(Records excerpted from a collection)
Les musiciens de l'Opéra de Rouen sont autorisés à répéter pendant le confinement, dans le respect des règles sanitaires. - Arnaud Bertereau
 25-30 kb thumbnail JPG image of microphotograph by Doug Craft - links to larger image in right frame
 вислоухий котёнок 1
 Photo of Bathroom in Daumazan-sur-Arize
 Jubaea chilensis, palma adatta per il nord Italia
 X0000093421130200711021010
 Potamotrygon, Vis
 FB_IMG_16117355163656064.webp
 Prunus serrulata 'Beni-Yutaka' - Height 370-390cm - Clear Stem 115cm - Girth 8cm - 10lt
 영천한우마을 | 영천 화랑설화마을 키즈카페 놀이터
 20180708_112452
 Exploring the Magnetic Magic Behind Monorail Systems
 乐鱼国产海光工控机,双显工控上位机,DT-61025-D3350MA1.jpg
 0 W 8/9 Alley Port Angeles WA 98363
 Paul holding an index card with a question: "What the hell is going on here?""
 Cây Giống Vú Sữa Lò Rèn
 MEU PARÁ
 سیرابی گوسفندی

▸ Task requirements
Beginning at the first line of the records, give again each line exactly as written, ending with the line that contains "20180708_112452".

▸ Written answer
Les musiciens de l'Opéra de Rouen sont autorisés à répéter pendant le confinement, dans le respect des règles sanitaires. - Arnaud Bertereau
 25-30 kb thumbnail JPG image of microphotograph by Doug Craft - links to larger image in right frame
 вислоухий котёнок 1
 Photo of Bathroom in Daumazan-sur-Arize
 Jubaea chilensis, palma adatta per il nord Italia
 X0000093421130200711021010
 Potamotrygon, Vis
 FB_IMG_16117355163656064.webp
 Prunus serrulata 'Beni-Yutaka' - Height 370-390cm - Clear Stem 115cm - Girth 8cm - 10lt
 영천한우마을 | 영천 화랑설화마을 키즈카페 놀이터
 20180708_112452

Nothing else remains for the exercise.